ACTIVITY
The data below is to be transcribed word for word; pictures are to be excluded.

COLLECTED MATERIAL
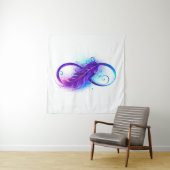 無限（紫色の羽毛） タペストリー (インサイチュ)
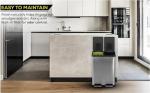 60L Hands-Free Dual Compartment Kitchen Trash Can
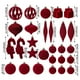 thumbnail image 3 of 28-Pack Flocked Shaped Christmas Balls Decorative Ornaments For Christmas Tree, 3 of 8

FINAL ANSWER
 無限（紫色の羽毛） タペストリー (インサイチュ)
 60L Hands-Free Dual Compartment Kitchen Trash Can
 thumbnail image 3 of 28-Pack Flocked Shaped Christmas Balls Decorative Ornaments For Christmas Tree, 3 of 8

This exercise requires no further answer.